El arte de pensar la verdad

 

“El pensar bien consiste: o en conocer la verdad o en dirigir el entendimiento por el camino que conduce a ella. La verdad es la realidad de las cosas. Cuando las conocemos como son en sí, alcanzamos la verdad; de otra suerte, caemos en error.

 Si deseamos pensar bien, hemos de procurar conocer la verdad, es decir, la realidad de las cosas. ¿De qué sirve discurrir con sutileza, o con profundidad aparente, si el pensamiento no está conforme con la realidad?

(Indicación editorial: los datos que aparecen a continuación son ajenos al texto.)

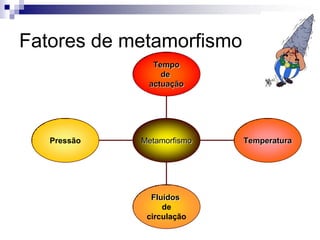 Fatores de metamorfismo
Tempo
de
actuação
Temperatura
Fluídos
de
circulação
Pressão Metamorfismo
 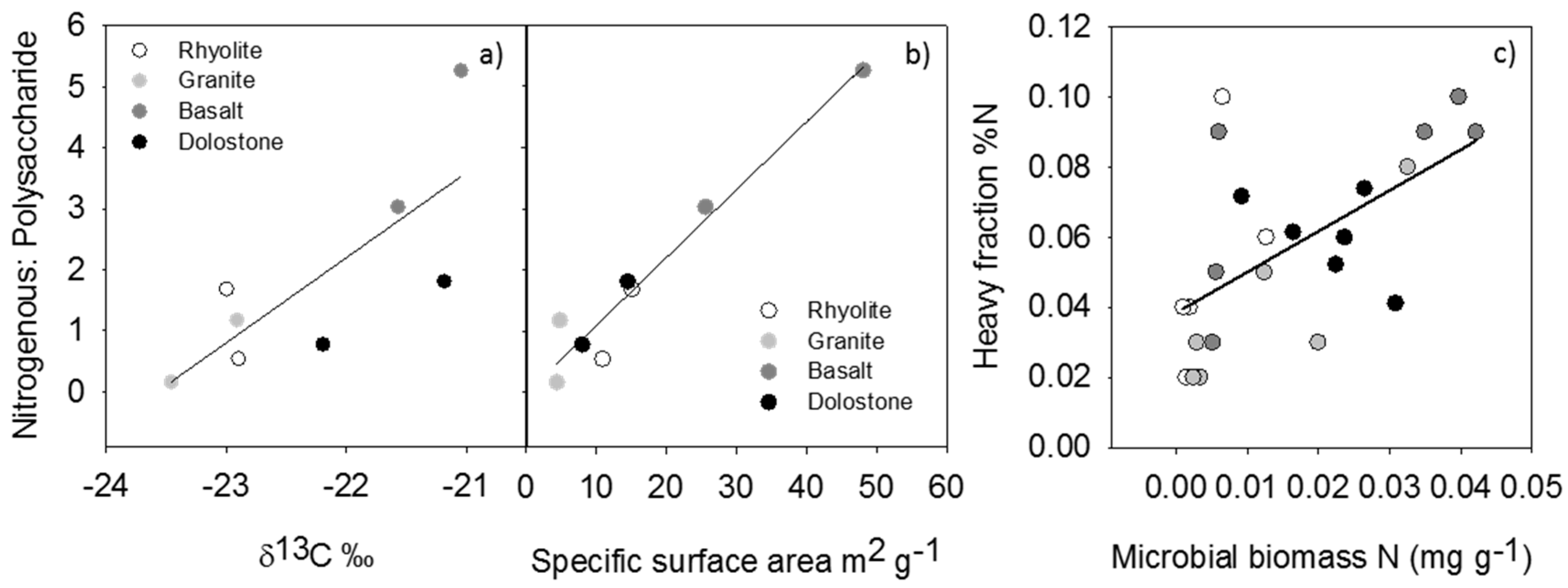 Soilsystems 02 00036 g003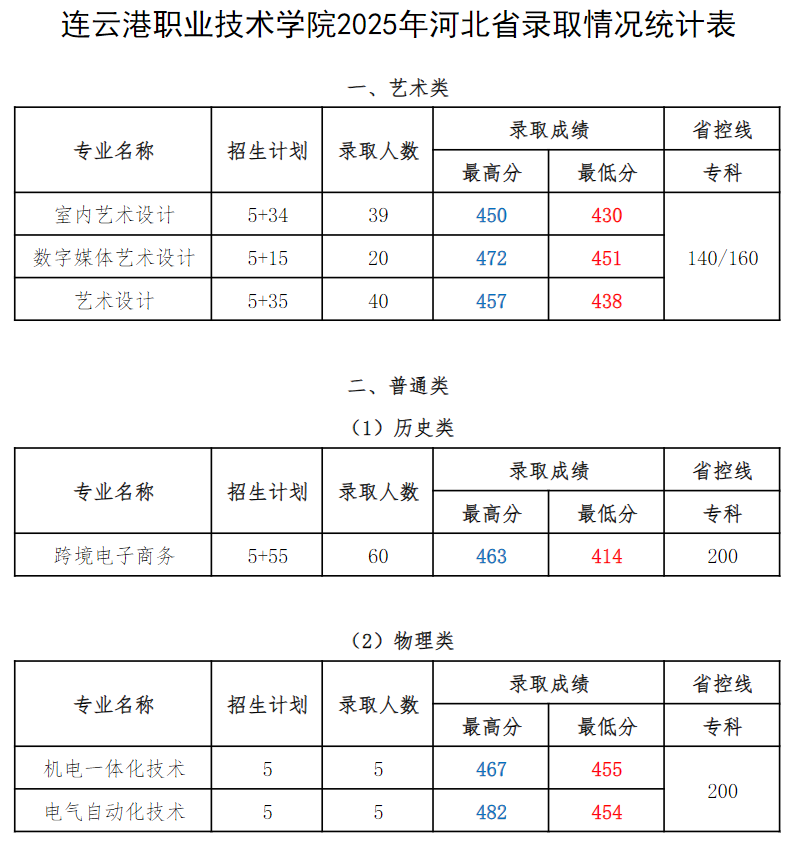连职院2025年河北省录取情况统计表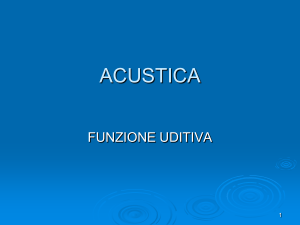Acustica e Udito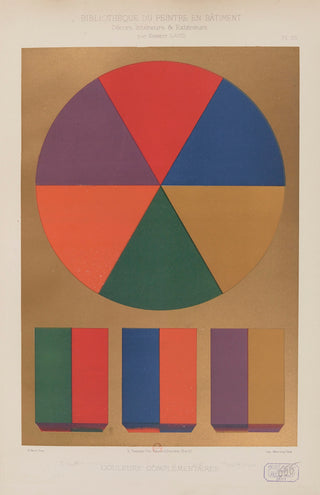 Décors Intérieurs et Extérieurs Print, 1890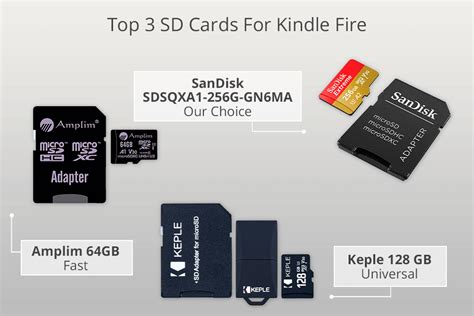 sdhc amazon|best micro sd card for kindle fire.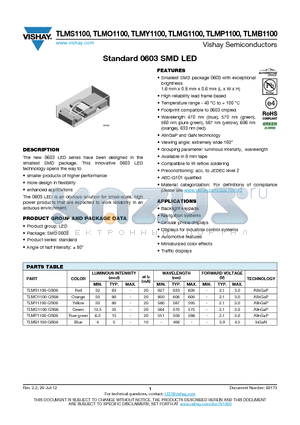 TLMG1100 datasheet - Standard 0603 SMD LED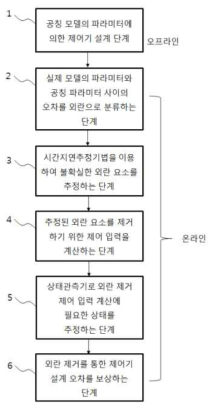 온라인 모델링 오차 보상 방법 흐름도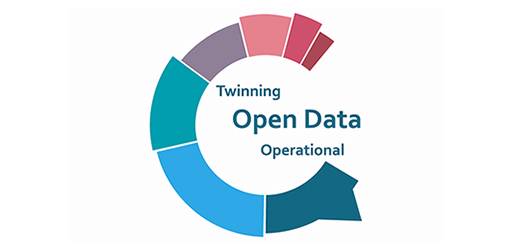 Besplatan MOOC o otvorenim podacima za sve sektore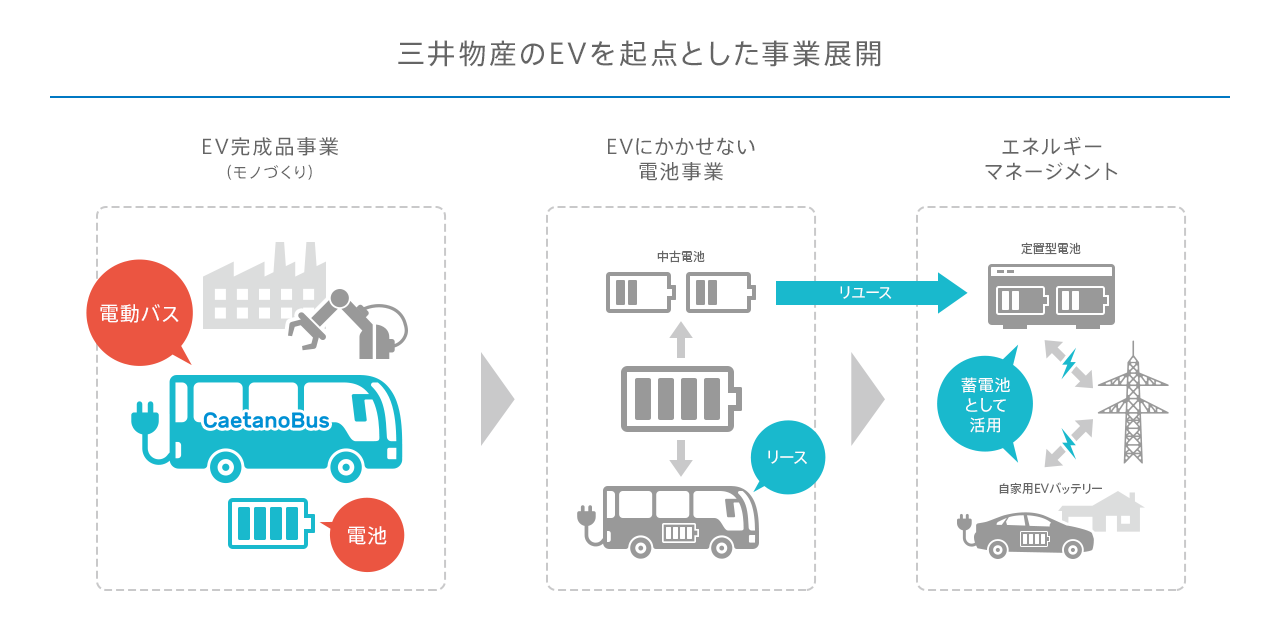 三井物産のEVを起点とした事業展開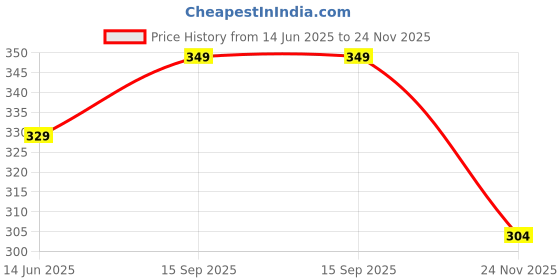 amazon.in swisstyle Silver Stainless Steel Band White Dial, Chronolook Watch for Men swisstyle Price History Graph from 14 Jun 2025 to 24 Nov 2025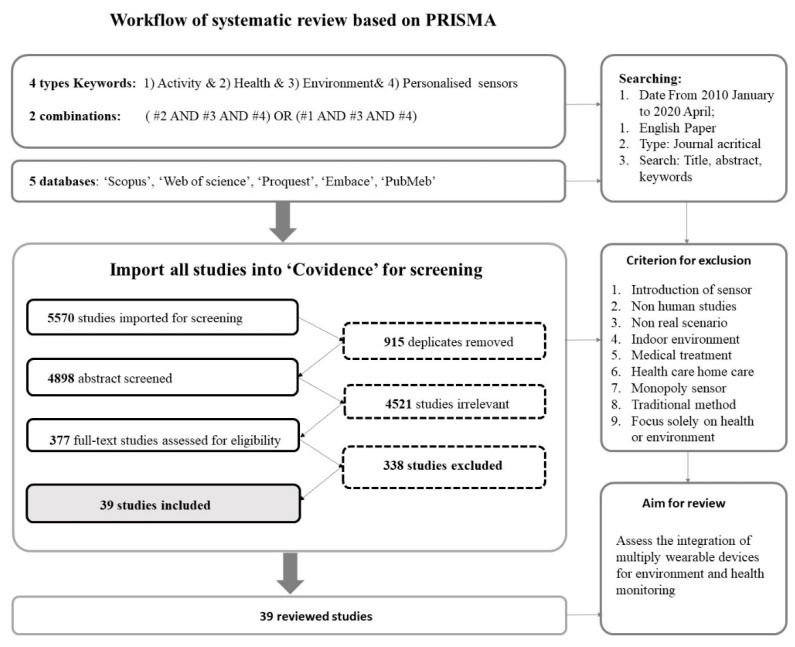 A figure from Assessing the Current Integration of Multiple Personalised Wearable Sensors for Environment and Health Monitoring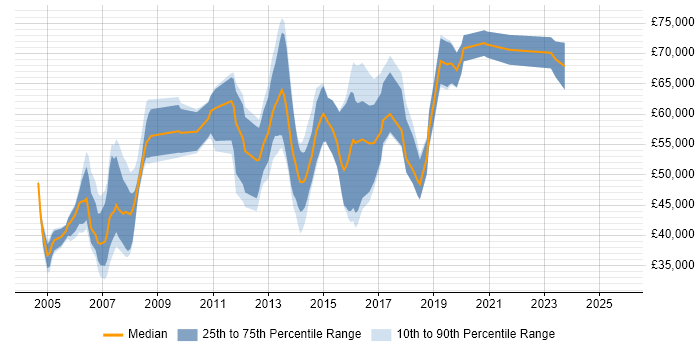Salary distribution trend for Network Consultant job vacancies in Reading Salary distribution trend for Network Consultant job vacancies in Reading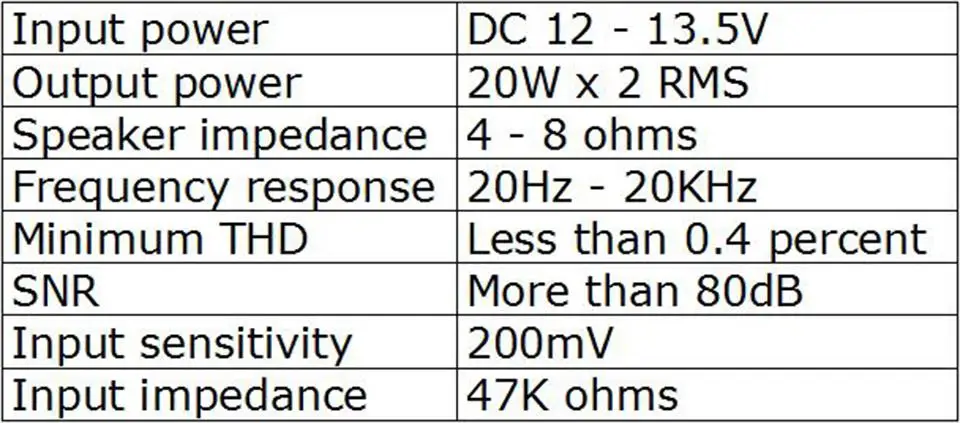 Lepy LP-2020A HiFi цифровой мини Аудио Стерео усилители 20Wx2 домашний автомобильный усилитель+ адаптер питания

 Echase, pues, de ver que el arte de pensar bien no interesa solamente a los filósofos, sino también a las gentes más sencillas. El entendimiento es un don precioso que nos ha otorgado el Creador, es la luz que se nos ha dado para guiarnos en nuestras acciones; y claro es que uno de los primeros cuidados que debe ocupar al hombre es tener bien arreglada esta luz. Si ella falta, nos quedamos a obscuras, andamos a tientas, y por este motivo es necesario no dejarla que se apague. No debemos tener el entendimiento en inacción, con peligro de que se ponga obtuso y estúpido, y, por otra parte, cuando nos proponemos ejercitarle y avivarle, conviene que su luz sea buena para que no nos deslumbre, bien dirigida para que no nos extravíe.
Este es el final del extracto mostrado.